Beranda / Berita / Aceh / Wacana Penundaan Pemilu Kembali Mencuat, Ini Penjelasan Akademisi

Wacana Penundaan Pemilu Kembali Mencuat, Ini Penjelasan Akademisi

Senin, 07 Maret 2022 09:30 WIB

Font: Ukuran: - +

Reporter : fatur

Akademisi Fakultas Hukum USK, Zainal Abidin. [Foto: Dialeksis]


DIALEKSIS.COM | Banda Aceh - Wacana penundaan pemilu yang akhir-akhir ini mencuat menjadi sebuah topik yang menarik untuk dibahas akhir-akhir ini.

 Sebelumnya, wacana penundaan Pemilu 2024 kembali mencuat usai Ketua Umum PKB Muhaimin Iskandar menyampaikan usulan tersebut beberapa waktu lalu. Ia mengaku sudah berkeliling Indonesia dan menyerap aspirasi dari masyarakat. Hasilnya, pemulihan ekonomi imbas pandemi Covid-19 masih berjalan.

Kemudian, Ketua Umum PAN Zulkifli Hasan juga menyampaikan mendukung usulan penundaan pemilu 2024. Secara garis besar, alasannya sama dengan Cak Imin yakni seputar pemulihan ekonomi.

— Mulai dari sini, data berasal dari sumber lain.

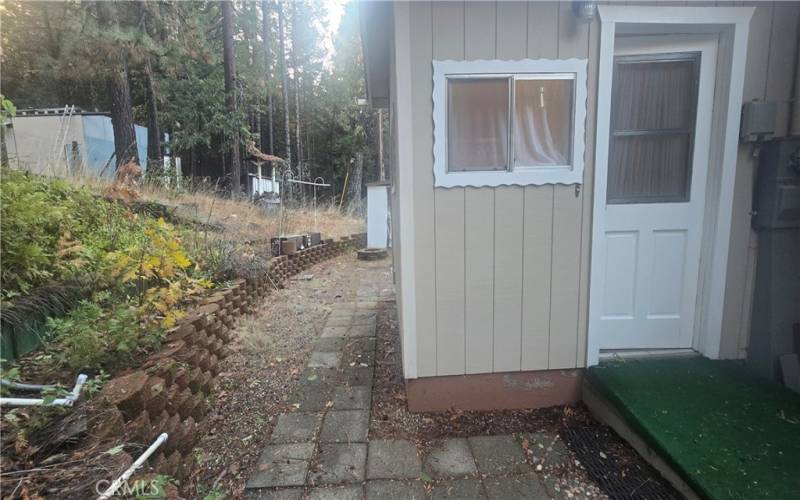 door to laundry room & path to back yard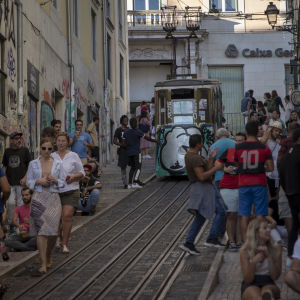 Lissabon lockar såväl turister som potentiell arbetskraft. En spårvagn på en brant sluttandet gata. Spårvagnen och väggarna har mycket graffiti på sig och på gatan finns det mycket människor.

Akademisi Fakultas Hukum USK, Zainal Abidin mengatakan, Isu Penundaan Pemilu akhir-akhir ini mencuat dan merebak ke ruang publik baik di pusat maupun di daerah, disebabkan isu penundaan tersebut berimbas pada perpanjangan masa jabatan Presiden/Wakil Presiden dan masa jabatan anggota DPR/DPRD. Sekaligus isu penundaan Pemilu itu inkonstitusional, sarat kepentingan elit politik dan merusak demokrasi.

Berdasarkan UU No.7 Tahun 2017 tentang Pemilu menentukan bahwa Pemilu dapat saja ditunda apabila terjadi kerusuhan, gangguan keamanan, bencana alam atau gangguan lainnya yang mengakibatkan tahapan penyelenggaraan Pemilu tidak dapat dilaksanakan. 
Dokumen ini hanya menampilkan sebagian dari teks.